Some lady vet-tech tried to take her out of the room to do the shots and bloodwork, and though I told her to go with her, I think the vet tech wasn't too confident because Jenna gave a "HECK NO!!!" (only she doesn't know the work "heck" LOL!) So her Susie went in the other room and watched ever nasty think they had to do to her: taking blood to ensure we use the right anesthesia, a shot of steroids, a shot of antibiotics, and shoving the stuff deep into the ears. She's going in for them to be flushed and cleaned using the otoscope-thingy and re-packed with powerful ear gunk Tuesday after next. 

She was stellar through all, which is what I would expect. Even the toe-nail clipping that was long over-due. They will do them again when they put her to sleep for the procedure. 

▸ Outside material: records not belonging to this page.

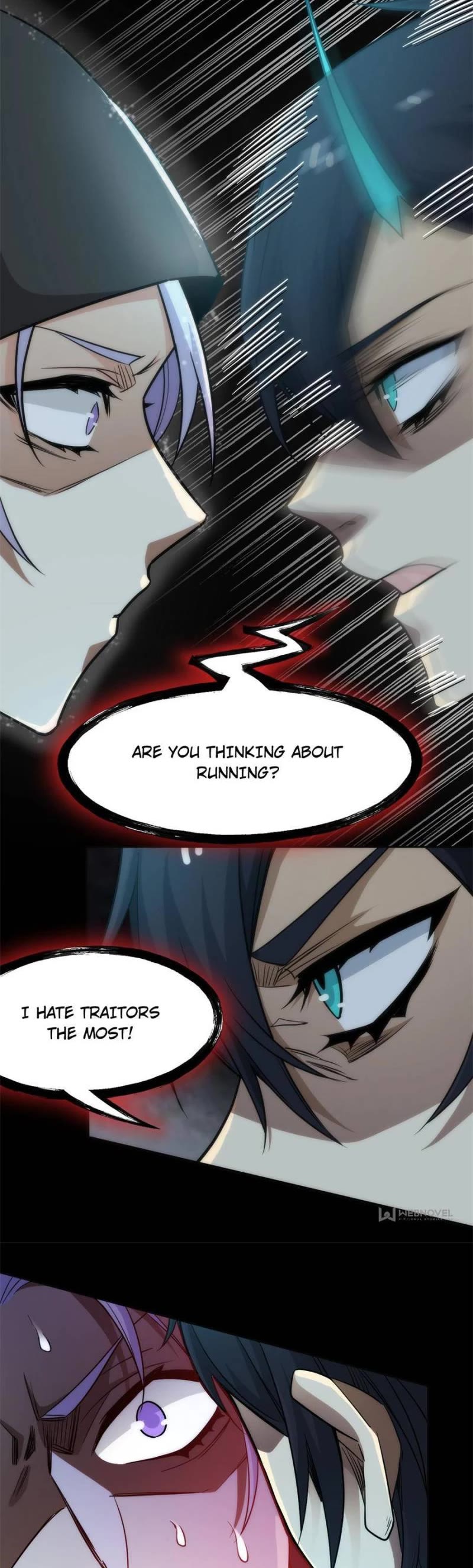 The Strong Man From the Mental Hospital Chapter 132 page 9 - Chapter 132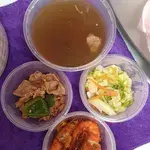 Dishes: 3 Dishes + 1 Soup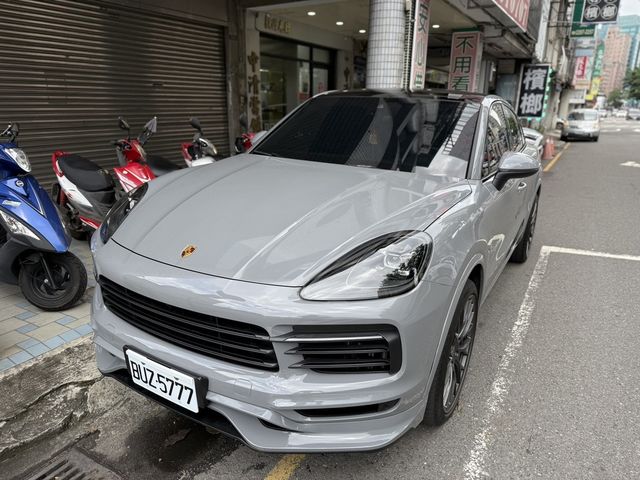 PORSCHE保時捷 CAYENNE  第2張相片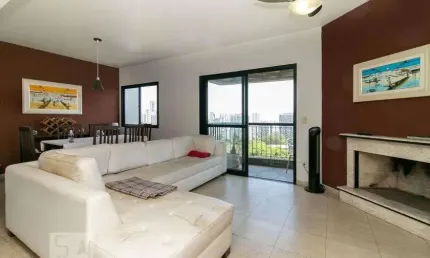 Apartamento para Venda - Portal do Morumbi, 4 Quartos,  120 m² - São Paulo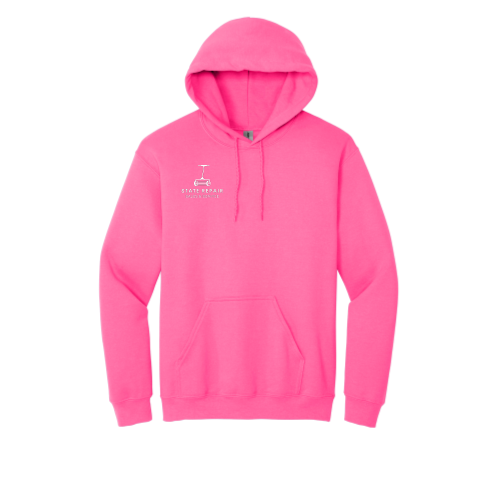 State Repair - Gildan Heavy Blend Hooded Sweatshirt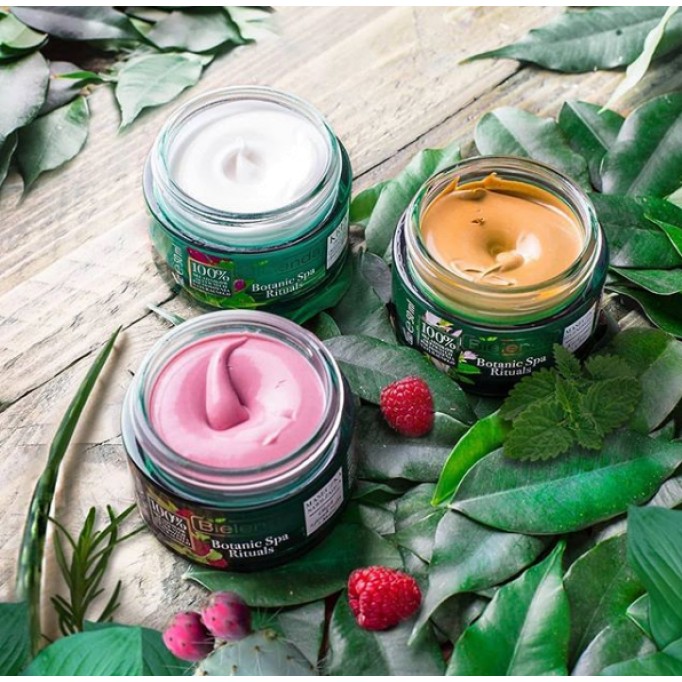 Botanic Spa! Наша нова лінія Botanic Spa Rituals – це справжній епіцентр
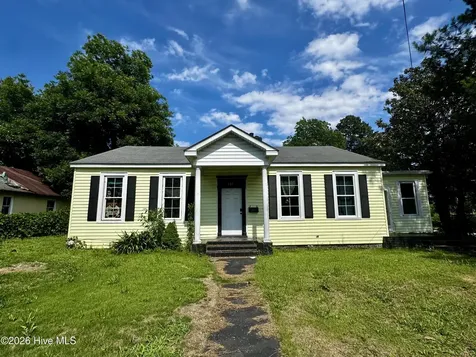 901 College Street Kinston NC 28501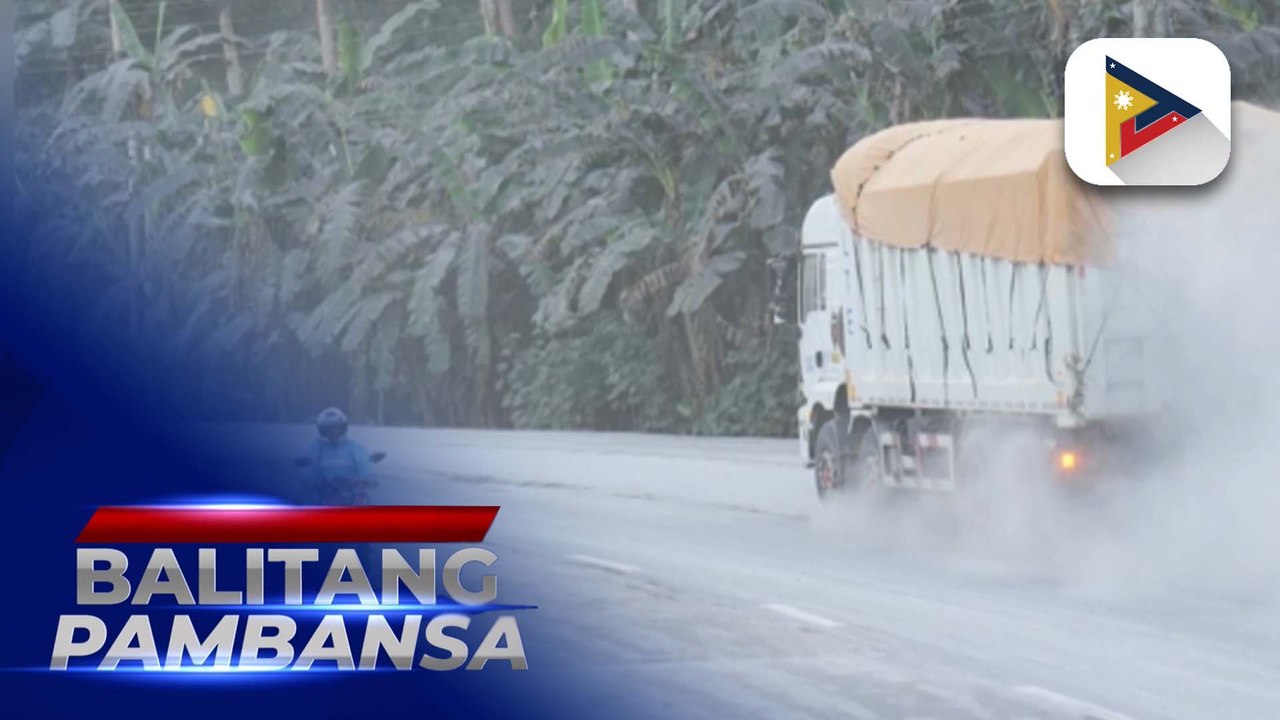 Paghahanda ng Sorsogon LGU, naging epektibo kasabay ng pagputok ng Mt. Bulusan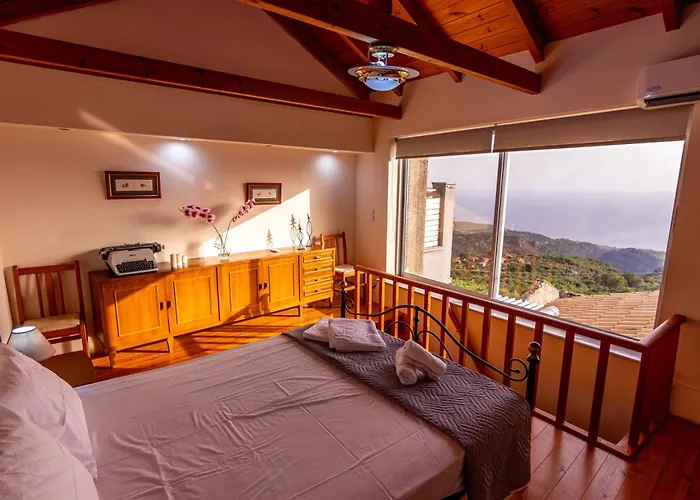 Evanthia's Mansion Vakantiehuis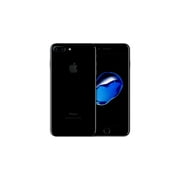 Apple iPhone 7 Plus 256GB Unlocked GSM/CDMA Quad-Core Phone w/ Dual Rear 12MP Camera - Jet Black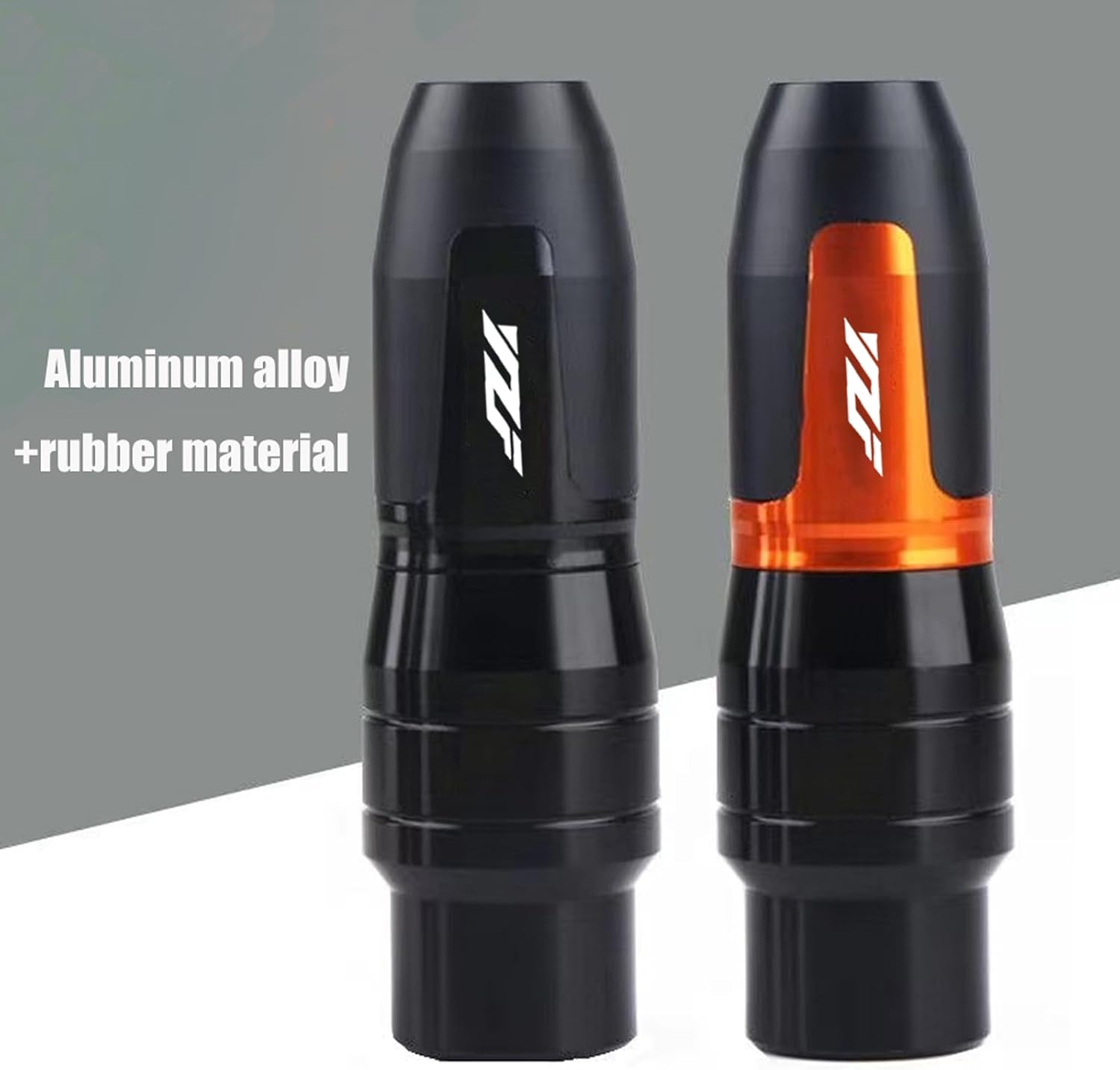 XIAXIA для YZF R1M, YZF-R3, YZF R25, YZF R6 2024 2025 Аксессуары из алюминия с ЧПУ для велосипеда, предотвращающие падение, Защита краш-панели, защита выхлопных газов, аксессуары для велосипедов yzfr (зеленый) [Параллельный импорт], фото 9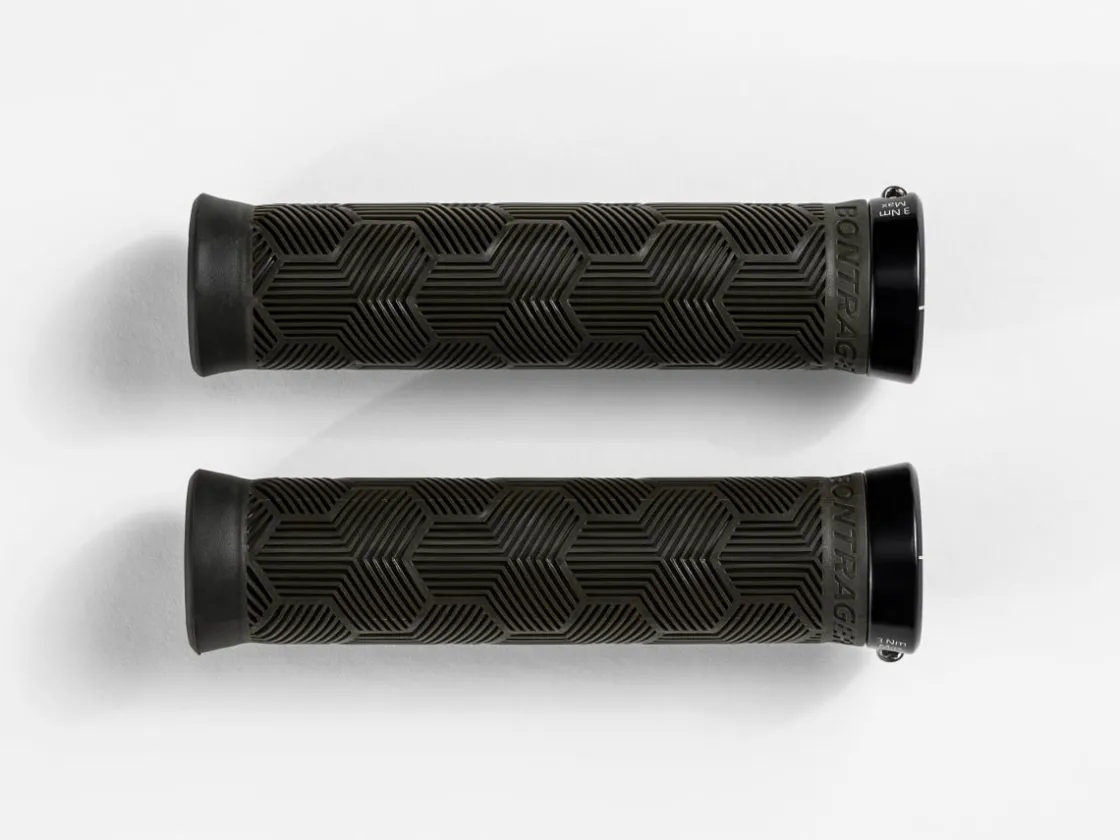 Trek Bikes Bontrager XR Trail Elite MTB Grip Set Outlet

I brought her home and put her in the small kennel up front I set up for the puppies to play in, a day yard or park. I then brought Tiny Tinny (Tinuviel) out for her to meet her mother's dam. Seeing the oldest girl on my place and my youngest girl was fun. Jenna's pushing 13 years, and Tinny will be 12 weeks old tomorrow. What a trip. Jenna was always stellar with puppies. I could have spent my whole day out there just watching them. But alas, Work beckoned, and since they mangies all like to eat, I had to go.


----------



## Aly (May 26, 2011)

That's all a testament to your training and her character. Good job both of you!


----------